Background & Rationale

The Georgia Monitoring Project (GMP) is a two-year program (May 2010 - May 2012) funded by the United States Department of State, implemented by International Business & Technical Consultants, Inc. (IBTCI) and managed by the Office of the Coordinator of U.S. Assistance to Europe and Eurasia (EUR/ACE). Its primary purpose is to monitor the results of the United States Government (USG) foreign assistance under the $1 billion pledge to the Government of Georgia (GOG) following the August 2008 Georgian-Russian conflict to ensure the funds are directed toward the foreign policy and foreign assistance objectives for which they were intended. Information and reports produced by the GMP are intended for Congress, the Office of Management and Budget, and all USG implementers to enable them to better form judgments on the effectiveness of programs to meet USG assistance objectives.

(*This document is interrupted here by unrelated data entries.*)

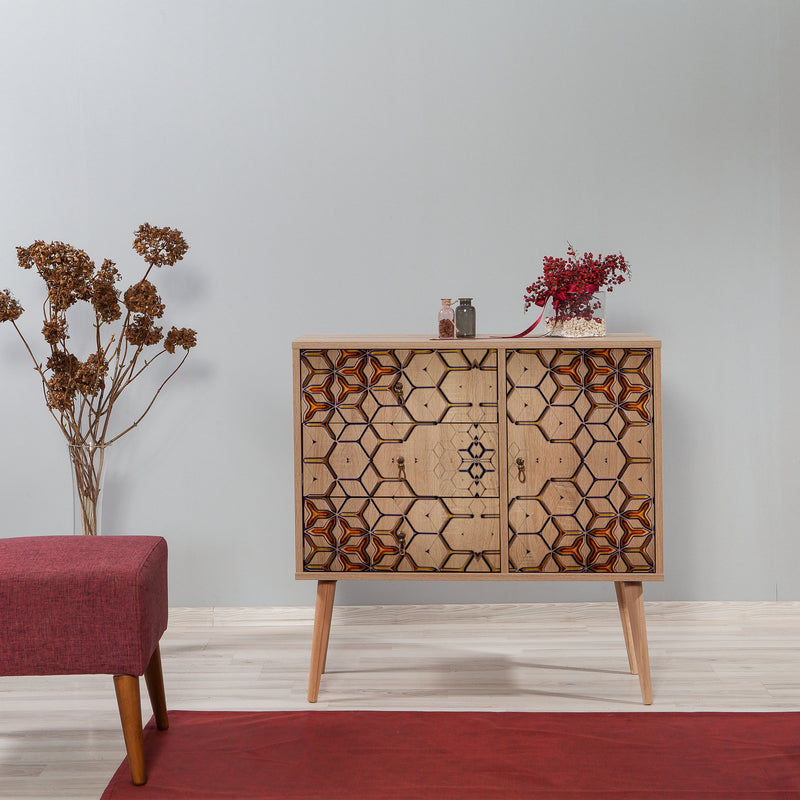 Mobiletto soggiorno anta e cassetti in legno naturale decorato cm 90x40x90h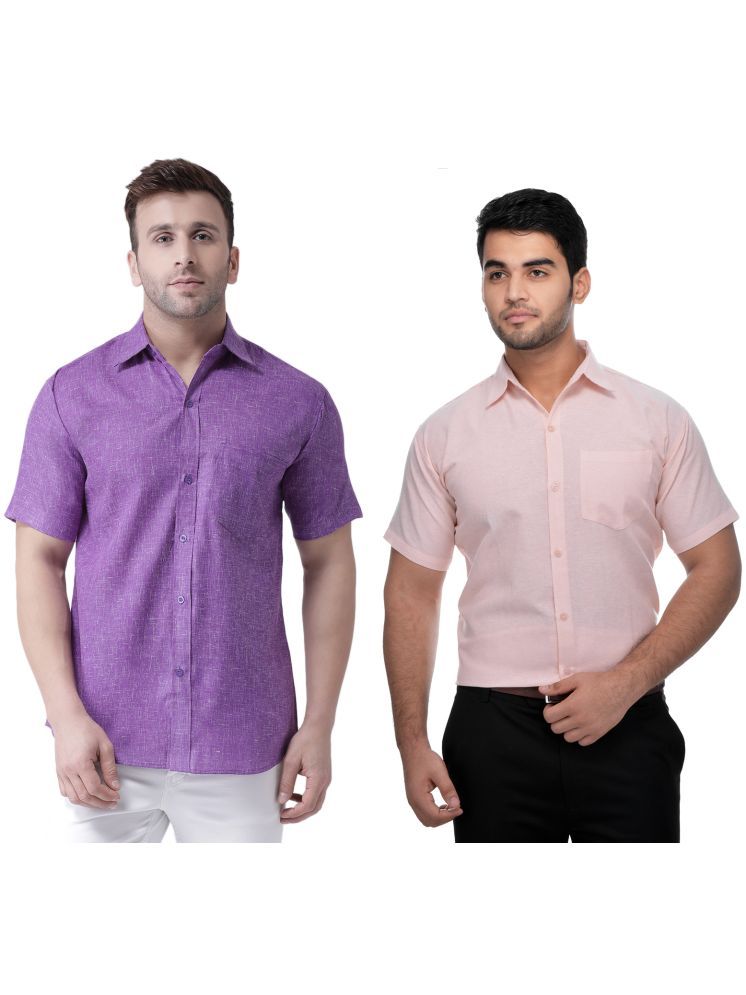     			KLOSET By RIAG Cotton Blend Regular Fit Self Design Half Sleeves Men's Casual Shirt - Peach ( Pack of 2 )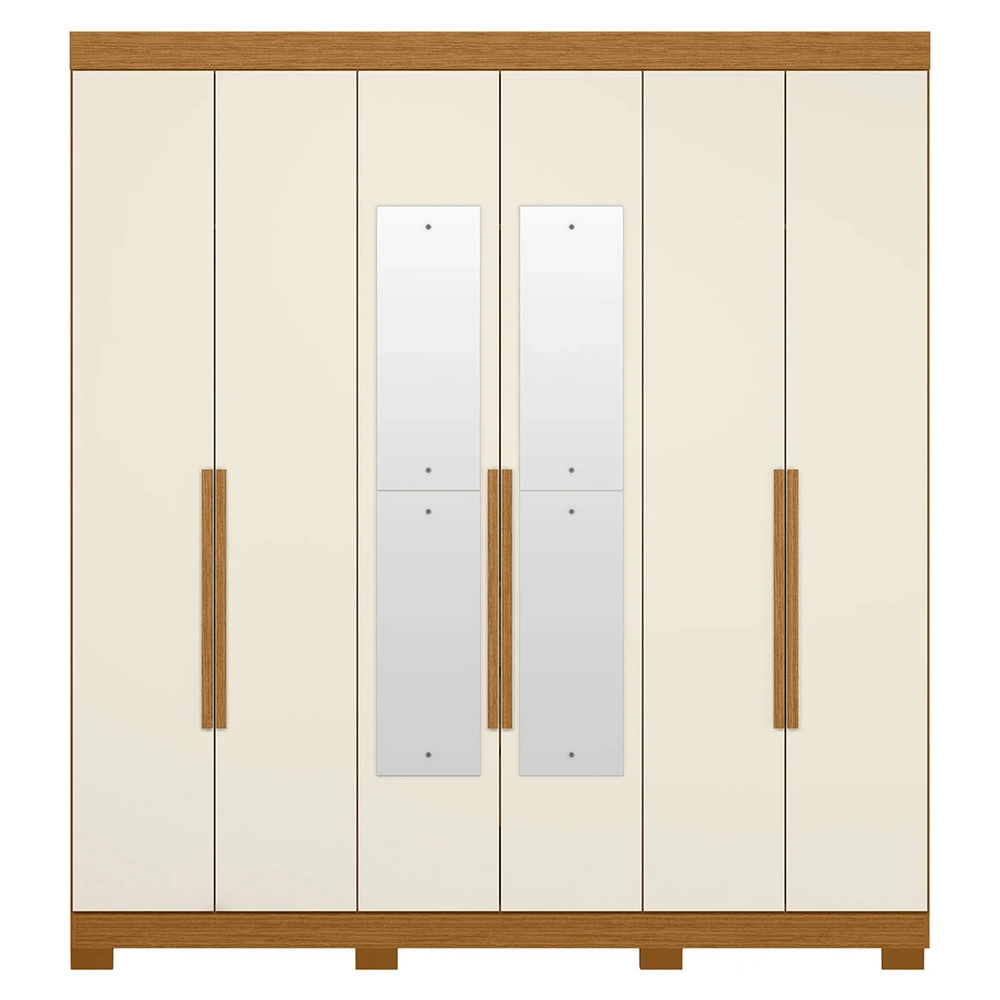 Guarda Roupa Casal 200cm com Espelho Viny A02 Off/Cinamomo  - Mpozenato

One of the main components of the GMP scope of work (SOW) is the preparation of Special Thematic Reports (STR) to gain a deeper understanding of the effects of USG assistance to Georgia in specific thematic or geographic areas. The centerpiece of this STR is a review of USG-supported activities in two key areas. The first was the implementation of Georgia’s new Criminal Procedure Code (CPC), and in training key Georgian professionals affected by the transformation of the CPC. The U.S. Department of Justice’s Office of Overseas Prosecutorial Development Assistance and Training (DOJ/OPDAT) has played a critical role in Georgia in providing and supporting this training within the GoG’s Ministry of Justice (MOJ) and in the country’s legal community. The second area centered on strengthening the capacity of the Georgian Police through training in the new CPC’s law enforcement-focused components, and through provision of new equipment and information technology resources. The U.S. State Department’s Bureau of International Narcotics and Law Enforcement (INL) has been the primary provider of this training and equipment to the GoG’s Ministry of Internal Affairs (MoIA).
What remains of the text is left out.